WORK TO COMPLETE: From the entries below, reproduce exactly the lines from the one with "chinese zhang daqian's painting" through the one with "- immagine 2", both included, without images.

GIVEN RECORDS:
····················

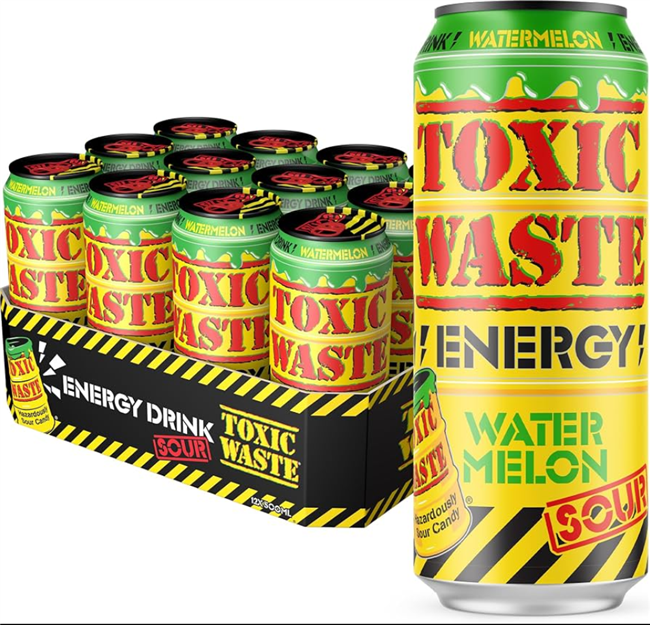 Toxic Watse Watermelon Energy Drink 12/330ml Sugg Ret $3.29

····················

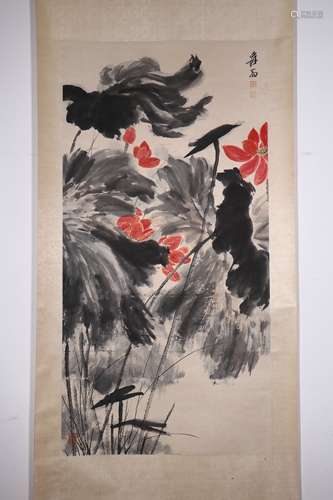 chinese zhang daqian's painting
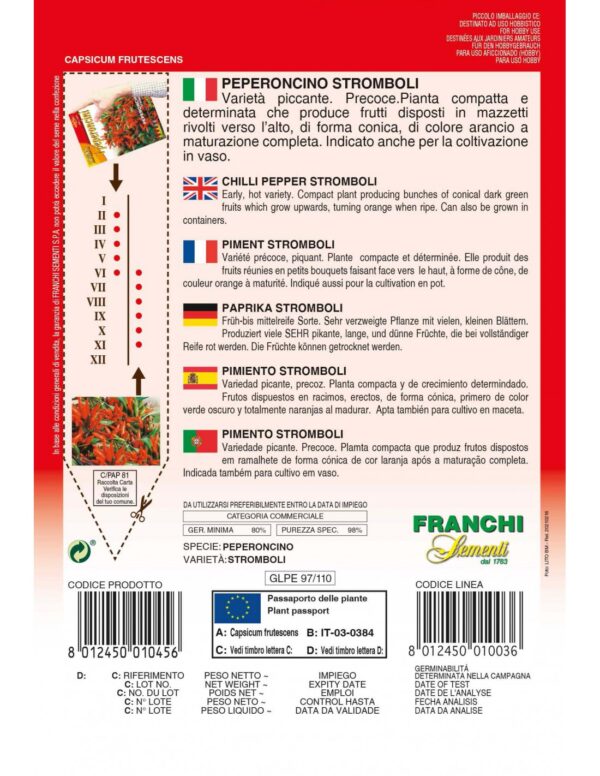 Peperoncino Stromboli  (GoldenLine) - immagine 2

····················

ANSWER TO THIS TASK:
 chinese zhang daqian's painting
 Peperoncino Stromboli  (GoldenLine) - immagine 2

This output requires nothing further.